Voters in Colorado, Iowa, and Virginia do not think Clinton is “honest and trustworthy,” and Clinton’s leads over potential Republican opponents have diminished in hypothetical head-to-head match-ups. For instance, Paul, who formally launched his presidential campaign this week and blasted Clinton for her private email scandal and the “shenanigans” associated with donations to her family’s foundation, leads Clinton in Colorado 44% to 41%. Clinton trails Wisconsin Governor Scott Walker (42%-41%) and Sen. Marco Rubio (R-FL), who is expected to announce his candidacy on this month, (41%-40%) and is virtually tied with Sen. Ted Cruz (R-TX) and former Arkansas Governor Mike Huckabee in the state.
In Colorado, Clinton has a negative favorability rating (41%-51%), down from her 46%-47% favorability rating in February. Fifty-six percent of Colorado voters do not view her has “honest and trustworthy” and a majority of Colorado voters believe her email scandal is important to their vote.
“Ominous for Hillary Clinton is the broad scope of the movement today compared to her showing in Quinnipiac University’s mid-February survey. It isn’t just one or two Republicans who are stepping up; it’s virtually the entire GOP field that is running better against her,” said Peter A. Brown, assistant director of the Quinnipiac University Poll. “That’s why it is difficult to see Secretary Clinton’s slippage as anything other than a further toll on her image from the furor over her e-mail.”
In Iowa, Paul edges Clinton (43%-42%), who is virtually tied with nearly every potential Republican opponent. Clinton barely leads New Jersey Gov. Chris Christie (41%-39%), former Florida Governor Jeb Bush (41%-40%), Wisconsin Gov. Scott Walker (44%-40%), and Sen. Ted Cruz (43%-40%) in the state. She has a negative favorability rating in Iowa (45%-47%), down from her positive 49%-40% rating in February in that state. A plurality of Iowa voters (49%-43%) do not think she is “honest and trustworthy” and a majority believe the email scandal is important in their vote.
Clinton lost Iowa to Barack Obama in the 2008 Democratic primary, ultimately finishing third after her advisers had debated whether she should even compete in the state. Obama’s Iowa win galvanized his supporters in other states who were uncertain about whether Obama could win and ultimately propelled him to his party’s nomination and the presidency.

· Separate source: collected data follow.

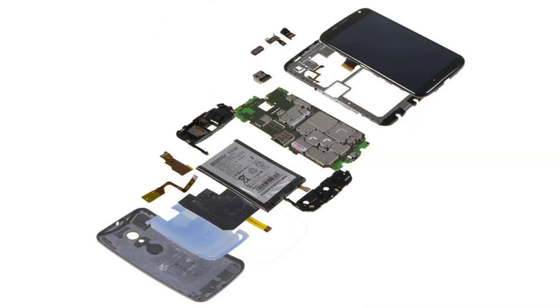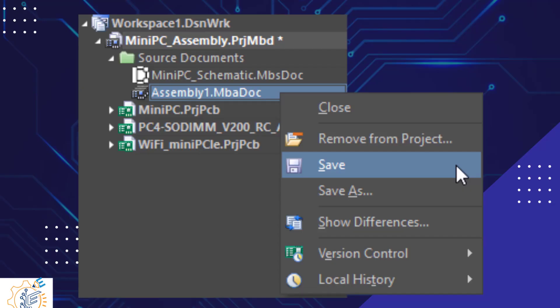Number 2: a complex electronic device such as a smartphone, which uses multiple circuit boards for various components that are interconnected and enclosed within the device's case. A multi-board assembly is created by first defining a multi-board project, which has a file extension of .prjmbd.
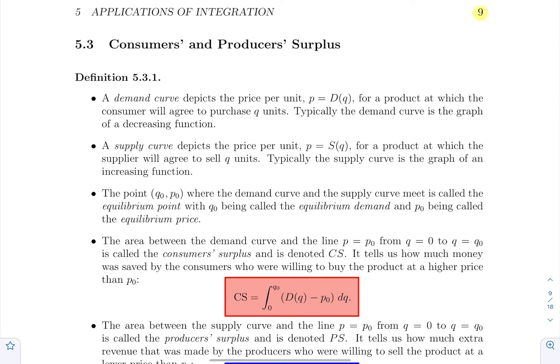Hello everyone! In this section, we will see how to use definite integrals to compute consumers' surplus and producers' surplus.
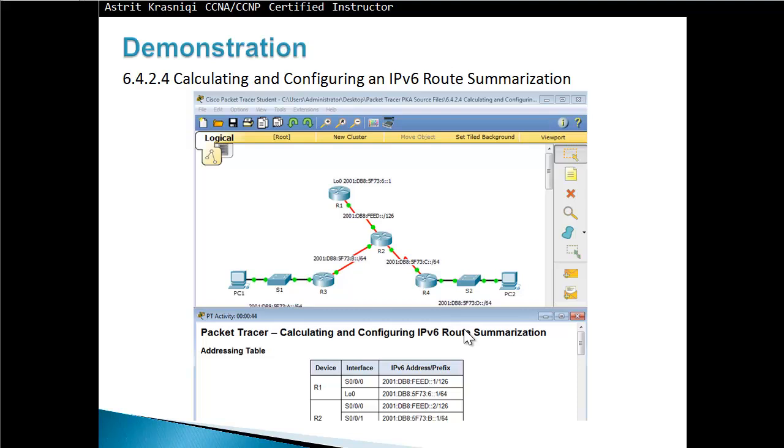Hello and thank you for watching my video. My name is Astrid Krasnicki. I'm CCNA and CCNP certified instructor. Today I will do a demonstration on calculating and configuring an IPv6 route summarization.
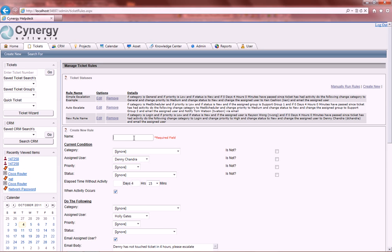So we're going to go ahead and give it a name. We'll call it Reassign User.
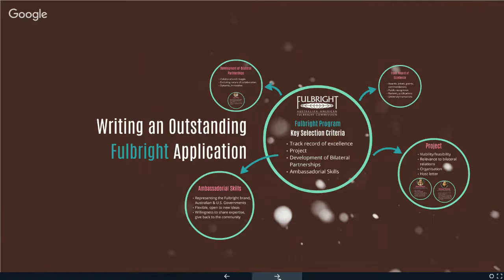Question: do the personal statement proposals require a bibliography or list of references? Yes, I would certainly include a truncated list of references in your application, because we need to see where some of these ideas are coming from. Fulbright will only ask for a shortened version — a cut-down list of key references you're using, not a full listing like an ARC grant.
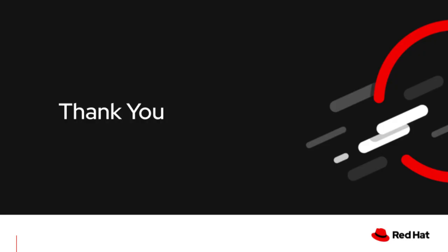Thank you very much for watching this demonstration of configuring the prerequisites for OpenShift virtualization on the Red Hat OpenShift service on AWS or ROSA. Please join me for future demonstrations where I will talk about deploying virtual machines in this environment as well as importing virtual machines from existing hypervisors into this environment. Thank you very much for watching this demonstration.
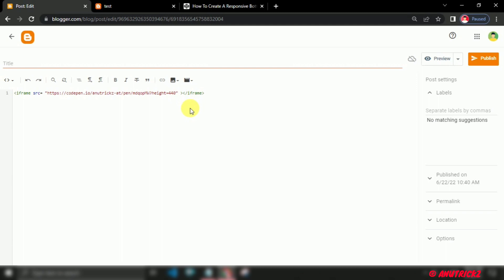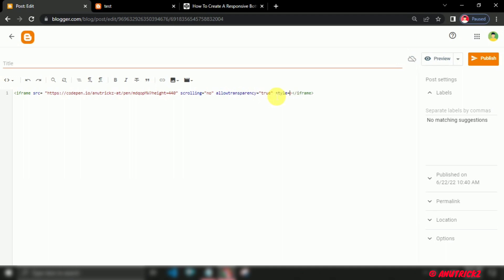Next, we add some basic HTML attributes that are usually used within an iframe HTML tag. Now we add some basic style like width and height, which you can change per your need.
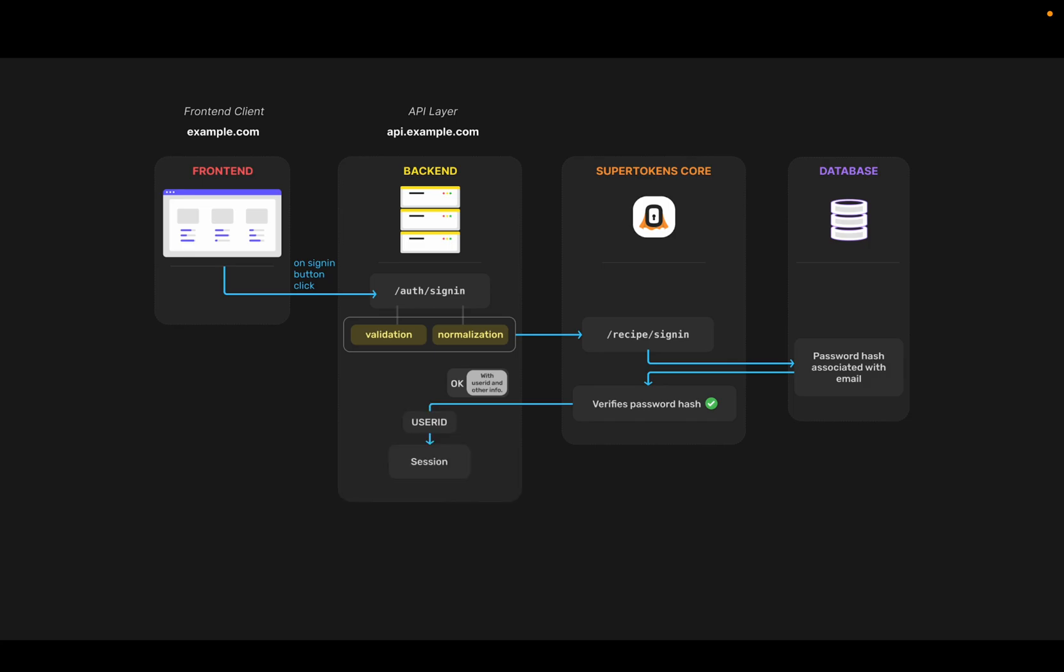It sends an okay reply to the back-end SDK, along with the user ID of the user who just tried to sign in. The back-end SDK then invokes the session recipe to create a new session.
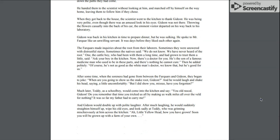Much later, Teddy, as a schoolboy, would come into the kitchen and say, You old rascal Gideon, Do you remember that time you tricked us all by making us walk miles all over the veld for nothing? It was so far my father had to carry me. And Gideon would double up with polite laughter. After much laughing, he would suddenly straighten himself up, wipe his old eyes, and look sadly at Teddy, who is grinning mischievously at him across the kitchen. Ah, little yellowhead, how you have grown. Soon you will be grown up with a farm of your own.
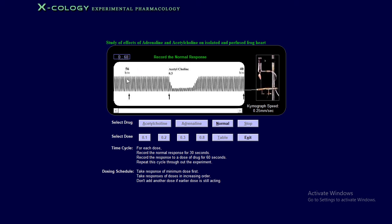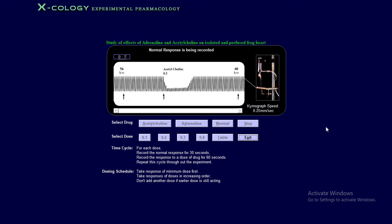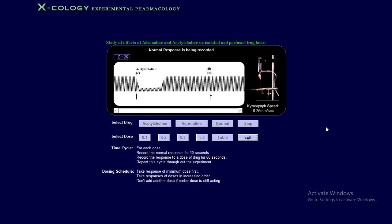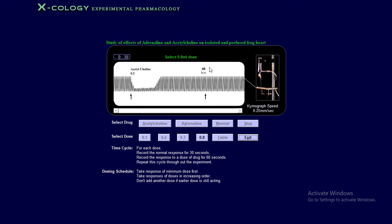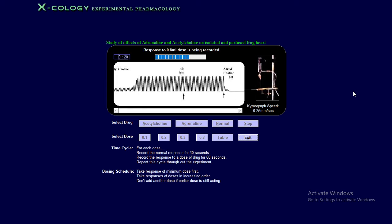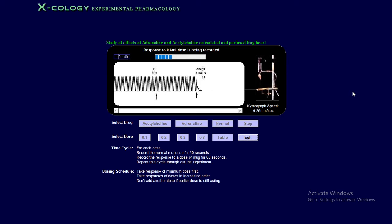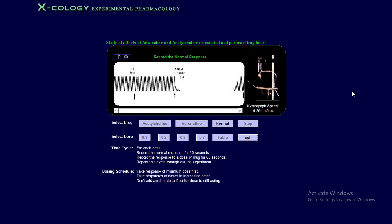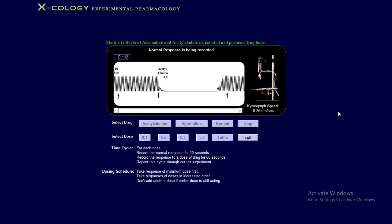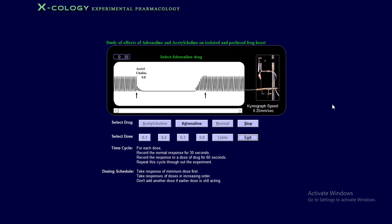So acetylcholine affects both the rate and the force. Continuing with the doses, we increase from 0.3 to 0.8 ml of acetylcholine. When you select the 0.8 ml dose, you will observe that there is a steep, straight line in the acetylcholine response — meaning the pressure is completely down and the force of contraction is completely slowed. This is a very serious condition. So this is the vasodilatory effect of acetylcholine.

Virginia, where Clinton ally Terry McAuliffe is governor, is Clinton’s strongest state. She leads Paul 47% to 43% in the increasingly important swing state. She has a 48%-45% positive favorability rating, virtually unchanged from her 48%-44% rating in February. But a majority of voters in the state (52%-40%) believe that Clinton is “not honest and trustworthy.” Clinton’s email scandal is also important to a majority of Virginia voters (51%-47%).
Brown, the assistant director of the poll, said that “running as a competent but dishonest candidate has serious potential problems” for Clinton.

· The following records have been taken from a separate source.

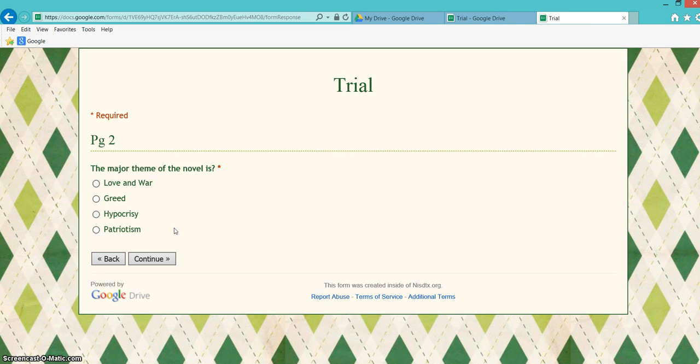You can create a race to where the students that get the right answers will advance quicker than those who do not get the right answer to start with.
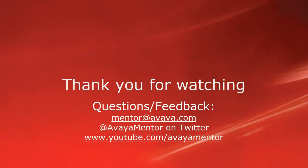Thank you for your time today. We hope that this information was useful. We welcome your comments, questions, and feedback at mentor at avaya.com or on Twitter at Avaya Mentor. Thank you for choosing Avaya.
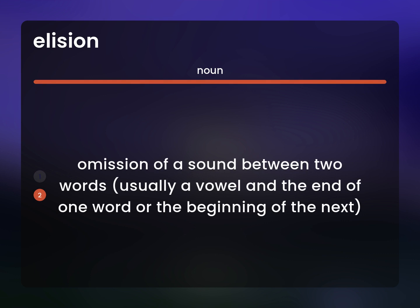Omission of a sound between two words, usually a vowel at the end of one word or the beginning of the next.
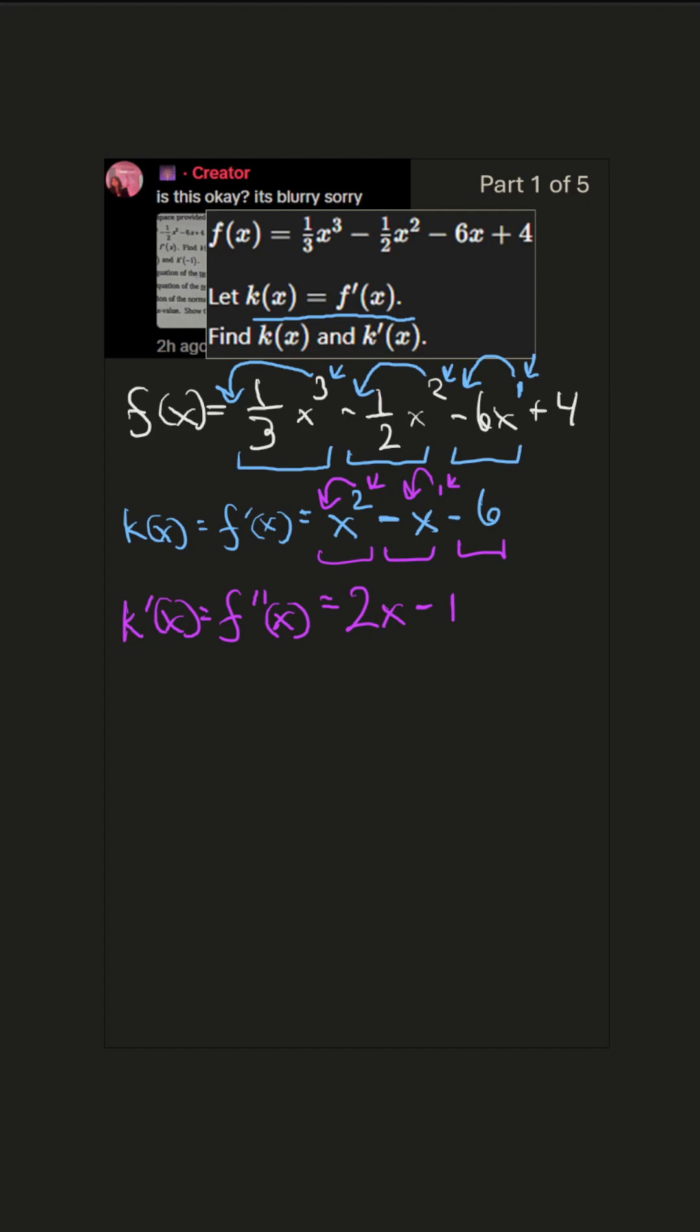So there we have it, first and second derivatives. I hope this is helpful. Share it with somebody who needs help. Give it a like. Follow me for more content like this.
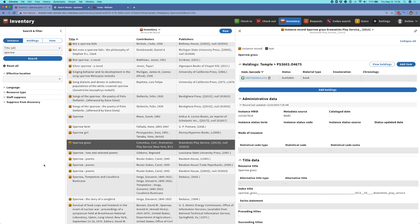Hi, my name is Kristen Wilson and I'm the project coordinator for ReShare. I'm going to be showing you a demo of our beta software release. Before I begin, I'd just like to acknowledge the work that was done on this release by our development team made up of contributors from Index Data and Knowledge Integration, and also thank the members of the project ReShare community for all the input that has gone into this release.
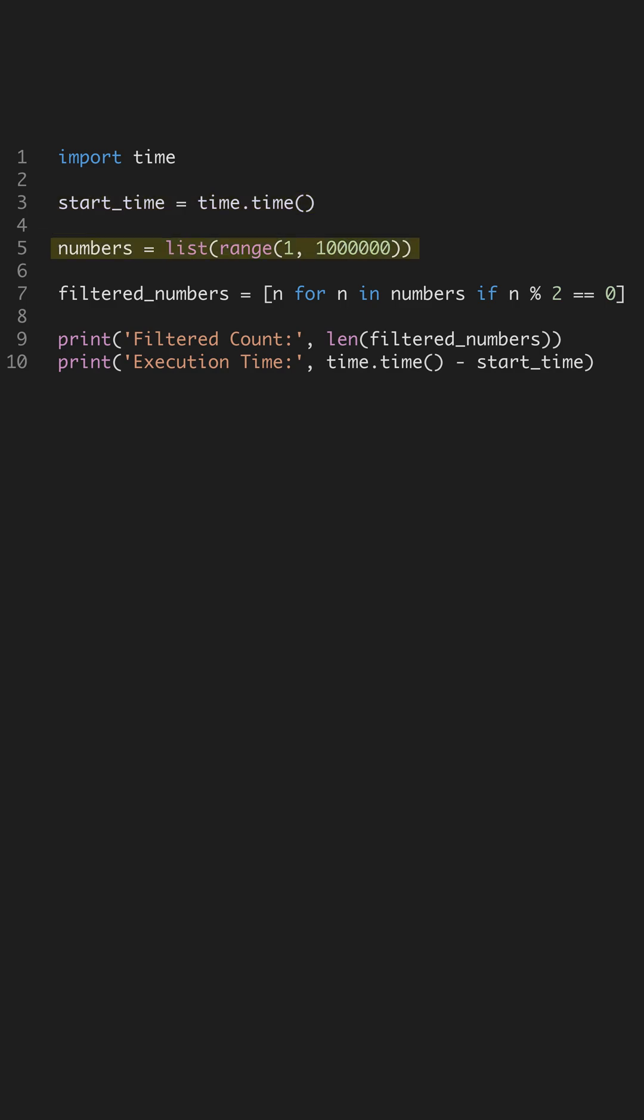Here, we create a list of one million numbers. Direct use of list comprehensions can significantly enhance performance by reducing the overhead of traditional loops.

A Quinnipiac poll released on March 31 found that voters in three other swing states–Pennsylvania, Ohio, Florida–also did not view Clinton as honest and trustworthy. Clinton trailed Paul in Pennsylvania as her favorability ratings slipped in each of those swing states after her private email scandal. Brown said “these numbers are a boost for U.S. Sen. Rand Paul of Kentucky as he formally launches his campaign.”
Quinnipiac polled the three swing states (Iowa, Colorado, Virginia) from March 29-April 7, and the margin of error is +/- 3.3 percentage points for Colorado and +/- 3.2 percentage points for Virginia and Iowa.